Location
- Country: Bangladesh
- District: Sylhet

Physical characteristics
- • location: Meghalaya

= Rangpani =

Rangpani (Bengali: রাংপানি) is a border river and popular tourist destination located in the Mokampunji area of Jaintiapur Upazila, in the Sylhet District of Bangladesh.
The tourist site is situated approximately 54 kilometers from Sylhet city. The river's clear water originates from the Ronghongkong Waterfall in the Jaintia Hills of the Indian state of Meghalaya.

== Location ==
The Rangpani river is situated in the Sripur area of Jaintiapur Upazila, Sylhet. It flows near the Bangladesh–India border, and the surrounding landscape includes tea gardens and hills.

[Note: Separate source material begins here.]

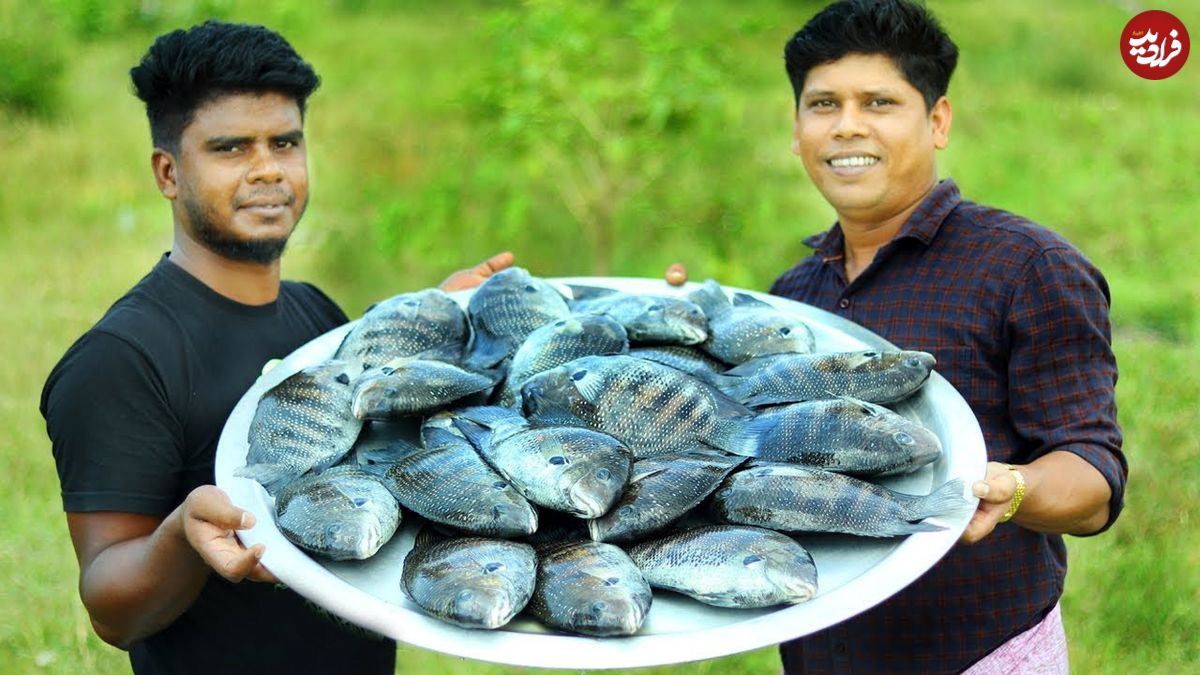 ببینید؛ غذای روستایی در هند؛ پخت ماهی در برگ موز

The village of Mokampunji, inhabited by the Khasi community, is located on its banks.
== Cultural Significance ==
The Rangpani river and its surrounding areas played a significant role in the Bangladeshi film industry during the 1980s and 1990s. The film Banjaram, starring the popular actors Wasim and Shabana, was almost entirely shot in the Rangpani area. A song sequence for the film Denmohor, featuring the celebrated duo, the late Salman Shah and Moushumi, was filmed at the river's source. Additionally, the debut film of the famous pair Shabnaz and Nayeem, Chandni, featured scenes and its popular song, O Amar Jaan, Tor Banshi Jeno Jadu Jane Re, which were filmed in this location. Numerous film shoots were completed here throughout the 1980s, establishing Rangpani as a place of cultural importance.
== Tourism ==
Rangpani is an attractive destination for tourists due to its clear water, stone-lined banks, and hilly surroundings. In the past, tourists gathered daily to enjoy the natural beauty of Sreepur and Rangpani. However, tourism began to decline after 1992, when the Sreepur area was officially designated a stone quarry and leased out by the Bureau of Mineral Development (BMD). As a result, the area started to lose its appeal, which also affected Rangpani. The government-sanctioned quarrying led to a degradation of the river's natural beauty, leading to a decline in tourist visits. Illegal stone extraction and plundering from the river have further endangered Rangpani's ecosystem and tourism potential. Abdul Hye Al-Hadi, president of the environmental organization Save the Heritage and Environment, has stated that with proper management and security measures, Rangpani could be developed into a more attractive tourist destination.